Elias Fredrik Pettersson (born 12 November 1998) is a Swedish professional ice hockey forward and alternate captain for the Vancouver Canucks of the National Hockey League (NHL). Pettersson was selected fifth overall by the Canucks in the 2017 NHL Entry Draft. Nicknamed "Petey" by Canucks fans, he was born in Sundsvall, Sweden, but grew up in Ånge, Sweden. After one of the greatest U20 seasons in SHL history in 2017–18 and winning the Le Mat Trophy with the Växjö Lakers, Pettersson made the Canucks opening night roster for the 2018–19 season. He won the Calder Memorial Trophy as the league's best rookie in 2019, becoming the second Canuck to do so after Pavel Bure in 1992.

Playing career

Sweden
Pettersson played hockey as a youth and made his professional debut with Timrå IK of the HockeyAllsvenskan. In his second season in Allsvenskan in 2016–17, Pettersson placed second on the team in scoring with 41 points in 43 games. Unable to help Timrå IK gain promotion, Pettersson signed a three-year contract with the Växjö Lakers of the top tier SHL, on 6 April 2017.
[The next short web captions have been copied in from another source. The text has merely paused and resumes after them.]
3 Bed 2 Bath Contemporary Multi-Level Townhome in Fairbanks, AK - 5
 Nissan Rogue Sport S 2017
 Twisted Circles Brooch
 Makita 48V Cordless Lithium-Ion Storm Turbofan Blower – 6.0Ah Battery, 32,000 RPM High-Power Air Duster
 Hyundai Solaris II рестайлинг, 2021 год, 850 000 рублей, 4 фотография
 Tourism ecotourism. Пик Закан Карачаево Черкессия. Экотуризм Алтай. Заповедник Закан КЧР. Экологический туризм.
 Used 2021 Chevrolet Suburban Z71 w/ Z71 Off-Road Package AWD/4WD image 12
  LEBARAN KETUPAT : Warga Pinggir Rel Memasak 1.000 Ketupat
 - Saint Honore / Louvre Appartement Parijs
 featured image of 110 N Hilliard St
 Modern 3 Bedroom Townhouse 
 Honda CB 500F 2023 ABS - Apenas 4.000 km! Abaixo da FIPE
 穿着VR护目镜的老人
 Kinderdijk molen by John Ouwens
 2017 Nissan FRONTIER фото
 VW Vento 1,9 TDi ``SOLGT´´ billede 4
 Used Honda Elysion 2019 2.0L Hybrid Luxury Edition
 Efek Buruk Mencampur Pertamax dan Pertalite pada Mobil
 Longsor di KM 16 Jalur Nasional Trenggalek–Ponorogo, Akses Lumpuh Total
Pettersson was ranked second among European skaters by the NHL Central Scouting Bureau in his first year of eligibility for the 2017 NHL Entry Draft. He was selected as the first Swedish player taken in the draft, fifth overall, by the Vancouver Canucks, joining former linemate and Canucks prospect Jonathan Dahlén on 23 June 2017. It was speculated the Canucks drafted Pettersson based partly on highly successful chemistry with Dahlén on the top line for Timrå IK, where they finished fifth and ninth in league scoring as teenagers. The two scored on the first shift they ever played together in Sweden.

While still a junior player, Pettersson dominated the Swedish Hockey League in his 2017–18 rookie season. In 44 games played, he led the league in both points scored and in +/- at the end of the regular season, with 56 points (1.27 average) and +27 respectively. He also scored 24 goals, second in the league behind Frölunda's Victor Olofsson. In the penultimate game of the 2017–18 season, Pettersson recorded four points to reach 55 points for the season. In the season finale, Pettersson scored a goal to set a new record 56 for most points by a junior in a single SHL/Elitserien season, previously held by Kent Nilsson (set in 1975–76).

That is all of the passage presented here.